There is a troublesome update to the extreme state-sponsored campaign of terror against gays in lesbians in Uganda. Earlier this week it was announced a "refined" Anti Homosexuality Bill would be submitted to Parliament that would not seek the death penalty or life imprisonment for gays. Not so, says MP David Bahati, the sponsor of the bill, who tells The Guardian the draconian penalties will not be dropped.
There is wide support for Bahati's law which, while being an extreme piece of anti-gay legislation, is not unique.... The Ugandan bill extends existing laws to make it illegal to promote homosexuality by talking or writing about it, and forcing people to tell the authorities about anyone they know who is gay. The bill, said Bahati, 35, an MP from the ruling party, aims to "protect the cherished culture of the people of Uganda against the attempts of sexual rights activists seeking to impose their values of sex promiscuity on the people of Uganda". He denied reports that international pressure might result in parts of the bill being toned down. "We are not going to yield to any international pressure – we cannot allow people to play with the future of our children and put aid into the game. We are not in the trade of values. "

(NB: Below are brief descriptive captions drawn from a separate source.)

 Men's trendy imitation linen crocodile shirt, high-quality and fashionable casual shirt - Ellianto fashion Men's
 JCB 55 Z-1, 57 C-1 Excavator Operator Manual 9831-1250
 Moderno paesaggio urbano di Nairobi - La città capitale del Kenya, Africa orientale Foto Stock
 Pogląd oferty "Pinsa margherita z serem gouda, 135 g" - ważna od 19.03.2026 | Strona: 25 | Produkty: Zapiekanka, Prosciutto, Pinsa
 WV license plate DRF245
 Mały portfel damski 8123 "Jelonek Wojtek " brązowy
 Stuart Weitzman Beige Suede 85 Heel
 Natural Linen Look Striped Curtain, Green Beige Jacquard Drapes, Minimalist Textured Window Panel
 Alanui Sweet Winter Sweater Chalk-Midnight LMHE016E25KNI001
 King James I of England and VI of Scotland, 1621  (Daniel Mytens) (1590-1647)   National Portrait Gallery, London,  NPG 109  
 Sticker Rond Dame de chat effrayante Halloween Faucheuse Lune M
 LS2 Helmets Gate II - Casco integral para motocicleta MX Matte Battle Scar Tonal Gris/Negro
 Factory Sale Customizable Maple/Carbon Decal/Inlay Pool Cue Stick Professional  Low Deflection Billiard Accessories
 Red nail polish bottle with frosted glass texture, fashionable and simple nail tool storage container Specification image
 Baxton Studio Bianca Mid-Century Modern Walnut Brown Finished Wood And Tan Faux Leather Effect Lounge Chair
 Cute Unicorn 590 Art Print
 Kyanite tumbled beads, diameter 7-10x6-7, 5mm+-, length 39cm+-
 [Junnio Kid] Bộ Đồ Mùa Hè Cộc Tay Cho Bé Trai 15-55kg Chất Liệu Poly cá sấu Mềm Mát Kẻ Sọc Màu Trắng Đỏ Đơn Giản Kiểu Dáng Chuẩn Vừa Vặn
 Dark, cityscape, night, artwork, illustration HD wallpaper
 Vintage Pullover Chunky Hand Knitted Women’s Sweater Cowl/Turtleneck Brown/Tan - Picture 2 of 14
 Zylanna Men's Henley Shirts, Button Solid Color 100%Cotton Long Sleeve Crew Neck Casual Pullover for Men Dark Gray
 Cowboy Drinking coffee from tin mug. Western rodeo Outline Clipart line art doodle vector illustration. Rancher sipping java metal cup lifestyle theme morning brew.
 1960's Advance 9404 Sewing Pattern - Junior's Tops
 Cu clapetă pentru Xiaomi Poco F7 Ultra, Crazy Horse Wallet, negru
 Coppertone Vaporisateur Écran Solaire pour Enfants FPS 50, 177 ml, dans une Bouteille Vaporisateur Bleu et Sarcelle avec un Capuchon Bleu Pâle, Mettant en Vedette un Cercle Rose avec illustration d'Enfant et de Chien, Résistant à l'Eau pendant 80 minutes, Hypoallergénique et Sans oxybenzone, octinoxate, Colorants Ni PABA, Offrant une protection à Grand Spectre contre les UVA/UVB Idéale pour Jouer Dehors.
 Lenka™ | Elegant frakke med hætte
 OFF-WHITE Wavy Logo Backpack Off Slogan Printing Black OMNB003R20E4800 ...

The Guardian notes the irony in Bahati's statement: Despite claiming to be immune to outside influences, it was actually American social conservative missionaries to Uganda that encouraged the Anti Homosexuality Bill. Only three days ago and after weeks of silence, one of those evangelicals, the influential Pastor Rick Warren, released a videotaped message condemning the bill MP Bahati expressed his disappointment: "It's unfortunate that a man of God who has inspired many people across the world can give in to pressure and disappoint them."